COLLECTED MATERIAL.
************

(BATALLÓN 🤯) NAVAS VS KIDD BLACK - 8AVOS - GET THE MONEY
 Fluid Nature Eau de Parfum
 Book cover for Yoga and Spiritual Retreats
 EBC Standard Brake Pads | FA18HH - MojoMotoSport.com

************

ABOUT THIS TASK.
Restating all of the data exactly is the whole task.

EXPECTED ANSWER.
(BATALLÓN 🤯) NAVAS VS KIDD BLACK - 8AVOS - GET THE MONEY
 Fluid Nature Eau de Parfum
 Book cover for Yoga and Spiritual Retreats
 EBC Standard Brake Pads | FA18HH - MojoMotoSport.com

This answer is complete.